«20 años de democracia» - Víctor Eduardo Ordóñez (1932-2005)
En el 2003, a los 20 años de la llamada «vuelta de la democracia» en la Argentina, fue publicado este artículo que, en muy breve pero sustanciosa síntesis, analiza ese tiempo transcurrido. Ahora, a 20 años de ese análisis, a 40 de aquel engendro electoral, y en medio -¡una vez más!- de la gran farsa partidocrática de siempre, reproducimos la misma nota que muestra de un modo patente, más allá de los nombres y circunstancias, propios de ese momento, que nada, absolutamente nada, ha cambiado.
Fracasado el gobierno a poco
andar, fracasó también su utópico «tercer movimiento» que no pasó de una
algazara que no conmovió ni siquiera a sus promotores: fue un intento de
hegemonismo para sustituir al bipartidismo que se prolongaba como en juego de
tahúres. Como no se dio tampoco esta salida –que no hubiera dejado de ser
artificial puesto que la hegemonía se da o no se da y no depende de
voluntarismo alguno– se optó por el Pacto de Olivos, una variante que permitía
la alternancia dentro de la misma oligarquía como se vino dando hasta ahora en
que las cosas parecen cambiar, aunque para peor si cabe. El radicalismo huyó
espantado de sus propios desastres (por completo previsibles en atención a su
falta de idoneidad y de coherencia) cedió paso al hiperliberalismo que
engañosamente introdujo Menem (jamás indicó en su campaña en qué consistía su
programa económico, disfrazándolo con espectaculares referencias al «salariazo»
y a la «revolución industrial»).

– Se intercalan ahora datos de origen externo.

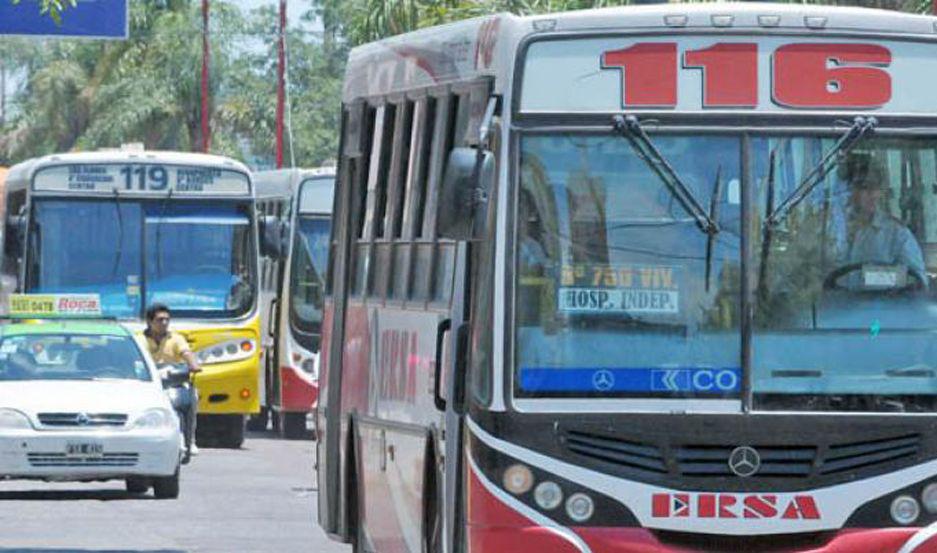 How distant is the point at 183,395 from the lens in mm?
24172

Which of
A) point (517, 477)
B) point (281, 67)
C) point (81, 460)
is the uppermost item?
point (281, 67)

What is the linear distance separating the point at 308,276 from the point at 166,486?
38.2ft

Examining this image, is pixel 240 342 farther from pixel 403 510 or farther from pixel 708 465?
pixel 708 465

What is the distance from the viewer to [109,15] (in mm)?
24031

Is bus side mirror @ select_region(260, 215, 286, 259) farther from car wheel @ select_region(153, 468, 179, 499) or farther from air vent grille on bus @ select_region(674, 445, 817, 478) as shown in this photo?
air vent grille on bus @ select_region(674, 445, 817, 478)

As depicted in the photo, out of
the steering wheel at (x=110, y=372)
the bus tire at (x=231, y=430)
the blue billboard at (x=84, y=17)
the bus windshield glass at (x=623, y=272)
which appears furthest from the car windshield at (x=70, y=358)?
the bus windshield glass at (x=623, y=272)

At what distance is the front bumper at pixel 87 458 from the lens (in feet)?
69.2

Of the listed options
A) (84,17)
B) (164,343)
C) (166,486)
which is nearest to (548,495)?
(166,486)

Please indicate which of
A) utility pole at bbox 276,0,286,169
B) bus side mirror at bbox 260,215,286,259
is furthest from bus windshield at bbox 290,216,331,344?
utility pole at bbox 276,0,286,169

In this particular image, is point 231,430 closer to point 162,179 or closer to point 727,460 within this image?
point 162,179

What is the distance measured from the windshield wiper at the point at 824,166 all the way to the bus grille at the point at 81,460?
1111 cm

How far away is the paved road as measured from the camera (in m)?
Result: 17.8

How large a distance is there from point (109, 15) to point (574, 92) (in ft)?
44.3

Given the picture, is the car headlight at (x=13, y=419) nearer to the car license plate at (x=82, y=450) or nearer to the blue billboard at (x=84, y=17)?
the car license plate at (x=82, y=450) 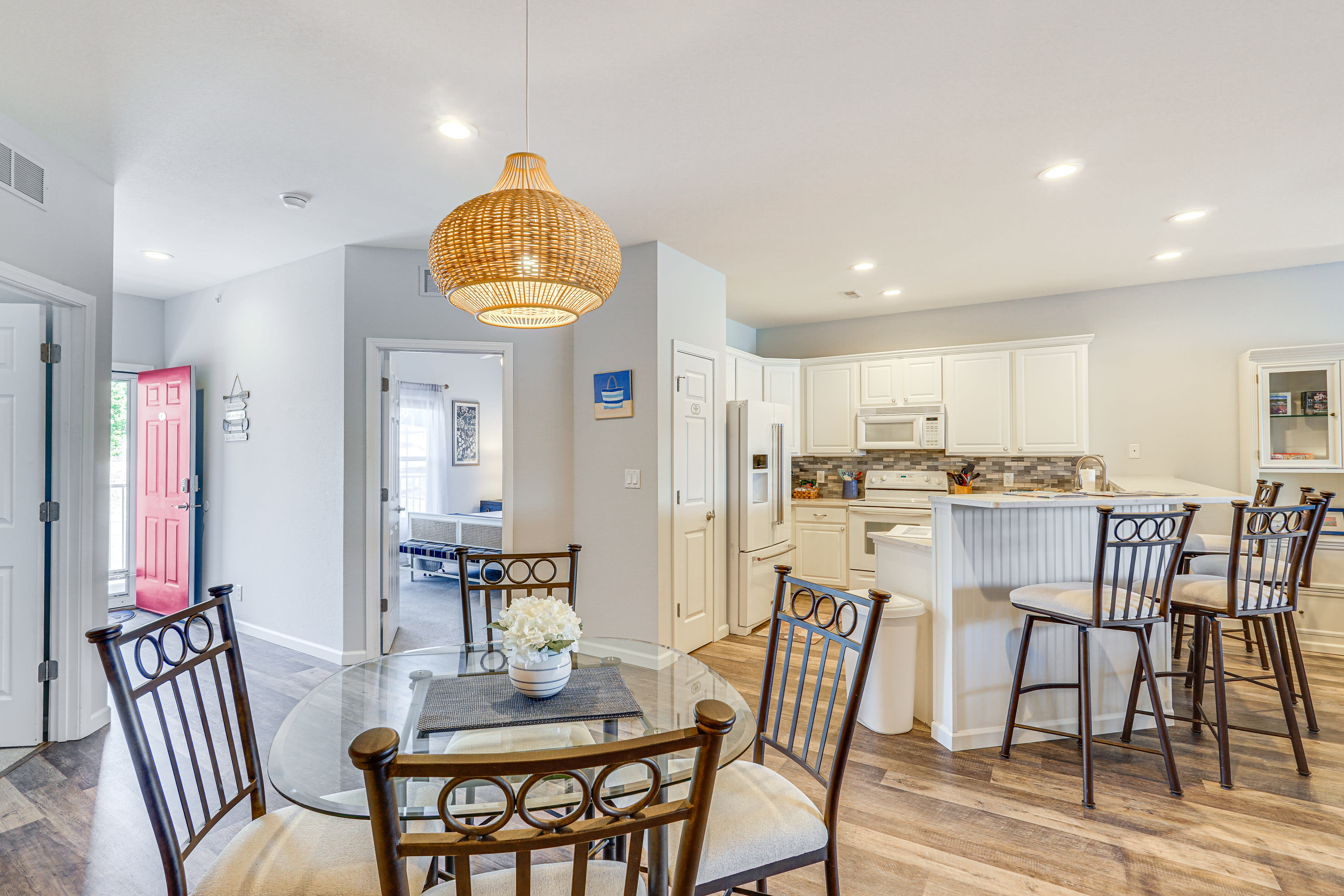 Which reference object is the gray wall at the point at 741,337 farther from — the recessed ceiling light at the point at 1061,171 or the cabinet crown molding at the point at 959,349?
the recessed ceiling light at the point at 1061,171

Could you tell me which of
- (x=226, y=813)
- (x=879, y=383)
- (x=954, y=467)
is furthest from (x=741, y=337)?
(x=226, y=813)

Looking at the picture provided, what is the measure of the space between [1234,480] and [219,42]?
616cm

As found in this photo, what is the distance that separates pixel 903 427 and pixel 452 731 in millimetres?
4917

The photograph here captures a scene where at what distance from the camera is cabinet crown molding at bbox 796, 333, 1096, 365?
4.98 metres

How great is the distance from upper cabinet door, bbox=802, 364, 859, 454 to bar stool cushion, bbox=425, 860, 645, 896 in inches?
200

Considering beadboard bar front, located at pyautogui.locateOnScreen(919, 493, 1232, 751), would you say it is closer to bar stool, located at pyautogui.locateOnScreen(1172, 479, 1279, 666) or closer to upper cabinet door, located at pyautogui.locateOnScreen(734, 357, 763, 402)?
bar stool, located at pyautogui.locateOnScreen(1172, 479, 1279, 666)

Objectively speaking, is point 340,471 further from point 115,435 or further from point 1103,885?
point 1103,885

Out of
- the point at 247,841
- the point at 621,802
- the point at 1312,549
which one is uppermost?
the point at 1312,549

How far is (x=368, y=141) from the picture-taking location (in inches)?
106

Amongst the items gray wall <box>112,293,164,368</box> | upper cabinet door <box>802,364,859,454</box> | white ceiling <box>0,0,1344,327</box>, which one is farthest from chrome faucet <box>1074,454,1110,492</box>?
gray wall <box>112,293,164,368</box>

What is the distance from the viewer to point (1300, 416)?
425 cm

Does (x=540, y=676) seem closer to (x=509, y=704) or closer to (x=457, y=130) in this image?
(x=509, y=704)

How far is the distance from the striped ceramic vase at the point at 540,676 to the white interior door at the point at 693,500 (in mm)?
2343

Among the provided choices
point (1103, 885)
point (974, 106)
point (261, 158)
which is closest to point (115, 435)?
point (261, 158) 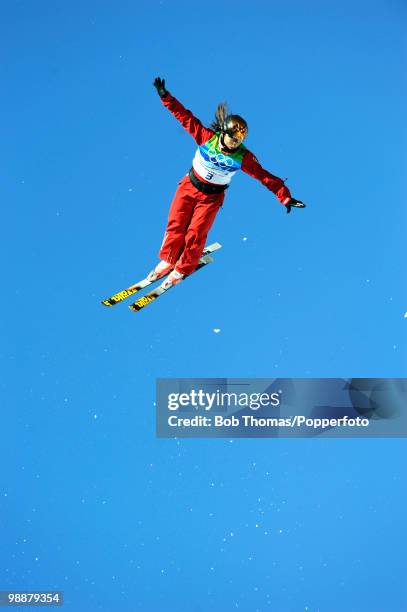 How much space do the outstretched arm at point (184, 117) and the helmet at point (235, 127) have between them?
9 centimetres

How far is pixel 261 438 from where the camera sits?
2.62 m

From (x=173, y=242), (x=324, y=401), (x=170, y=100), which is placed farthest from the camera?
(x=324, y=401)

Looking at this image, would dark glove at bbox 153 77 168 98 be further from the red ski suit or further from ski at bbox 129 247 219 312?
ski at bbox 129 247 219 312

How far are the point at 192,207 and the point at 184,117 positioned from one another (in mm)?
280

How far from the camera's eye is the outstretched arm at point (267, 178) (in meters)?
2.35

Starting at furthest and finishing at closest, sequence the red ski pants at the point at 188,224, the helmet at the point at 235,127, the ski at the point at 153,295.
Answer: the ski at the point at 153,295
the red ski pants at the point at 188,224
the helmet at the point at 235,127

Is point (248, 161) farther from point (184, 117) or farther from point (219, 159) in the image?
point (184, 117)

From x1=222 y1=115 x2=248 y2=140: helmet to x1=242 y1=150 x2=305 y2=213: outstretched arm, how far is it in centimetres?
8

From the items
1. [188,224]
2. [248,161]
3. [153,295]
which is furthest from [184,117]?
[153,295]

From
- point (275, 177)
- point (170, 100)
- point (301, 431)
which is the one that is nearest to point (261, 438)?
point (301, 431)

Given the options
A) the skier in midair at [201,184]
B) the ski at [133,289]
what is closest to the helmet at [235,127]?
the skier in midair at [201,184]

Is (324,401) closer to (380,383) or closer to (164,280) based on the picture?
(380,383)

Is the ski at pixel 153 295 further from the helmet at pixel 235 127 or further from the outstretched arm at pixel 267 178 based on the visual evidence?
the helmet at pixel 235 127

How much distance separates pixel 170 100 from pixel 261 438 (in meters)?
1.12
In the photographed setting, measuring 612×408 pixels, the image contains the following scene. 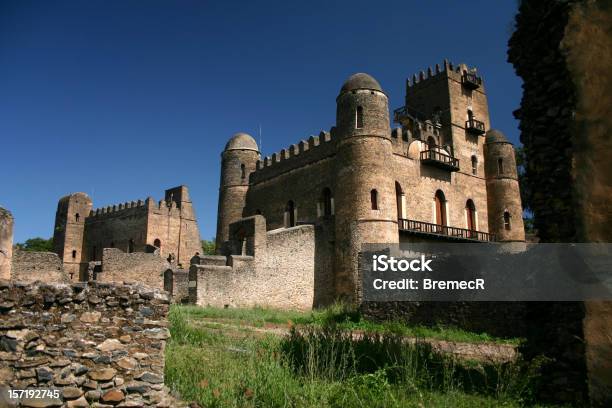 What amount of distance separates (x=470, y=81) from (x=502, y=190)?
6.64 meters

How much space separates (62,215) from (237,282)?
79.0 feet

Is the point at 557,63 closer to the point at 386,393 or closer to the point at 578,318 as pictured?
the point at 578,318

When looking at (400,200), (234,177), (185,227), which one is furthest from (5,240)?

Nunca antes la Argentina –ni siquiera en
tiempos de Rivadavia– fue entregada al extranjero ni sometida a tan fiera
expoliación como en los dos gobiernos de este justicialismo que algunos
califican de heterodoxo pero que, en definitiva, es igual a sí mismo. El
radicalismo, por más que se haga el distraído o el indignado, acompañó –al
facilitar la reforma constitucional y aprobar las leyes que un simbólico
Cavallo reclamaba con insistencia cercana a la desesperación– toda la gestión
menemista. Al punto que el gobierno de De la Rúa, lo volvió a convocar y así no
fue sino la prolongación de ese aperturismo incondicionado que se completaba
con un Estado endeudado y paralizado sin reacciones ni iniciativas. El
radicalismo volvió a caer y esta vez no pudo hacerse pasar por la víctima de
una conspiración de militares perversos. Bastó una asonada –más mediática que
efectiva que juntó en mala síntesis a furiosos burgueses y a disciplinados
marginales para que un gobierno carcomido por sus propias incertidumbres y por
limitaciones que trató de presentar como virtudes se desplomaran con pena y sin
gloria. Una breve sucesión de breves gobernantes concluyó con el advenimiento
de Duhalde, hombre al que ciertos analistas gustan ubicar en el centro tal vez
porque eso le permite inclinarse alternativamente para un lado y para el otro
sin escandalizar. Se encargó de administrar la crisis de la misma manera que De
la Rúa administró la decadencia y, luego que la primera generación de
piqueteros lo sacudió con dos muertos, señaló con su dedo y cual Gran Elector, al actual presidente Kirchner del que no termina de hacerse responsable.
La conclusión que podemos sacar,
sin entrar en las profundidades de la historia del país organizado donde
encontraríamos ricos e ilustrativos antecedentes, es que si se alcanzó la
democracia ésta es demasiado imperfecta, insustancial y enfermiza como para
apostar el futuro argentino a su vigencia. Lo que sucede es que la democracia
–con la que se educaría, comería y curaría– no es un sistema legítimo para intentar
el bien común, fin natural de la política.
Otra cosa es la República con su
régimen de respeto al orden natural y su juego de control y contención del
poder –en cualquiera de sus manifestaciones–, con su contenido axiológico
(igualdad, organización, virtudes, leal respeto por el toro, gusto por la
excelencia) y, en especial, con una forma decente y honesta de aplicarse. La
democracia argentina –tampoco las otras– no tiene ni puede tener ninguno de
estos valores porque la partidocracia se sustituye a la masa y ésta se entrega
a aquélla en la creencia que la va a representar. La partidocracia, como está
probado científicamente, se encapsula en sí y se distancia de sus votantes que
nunca dejan de ser sus clientes llamados cada tanto para limpiar títulos.
De forma que este modo de gobernar completa la irracionalidad de la democracia: la multitud pide y las dirigencias inspiran los movimientos populares en un lúdico planteo según el cual la soberanía recae en un Estado que termina no respondiendo ante nadie y atendiendo sólo a sus intereses.
La democracia inficionada de relativismo no puede provocar más que un totalitarismo o una anarquía. Kirchner, como hombre democrático que es, oscila entre los dos.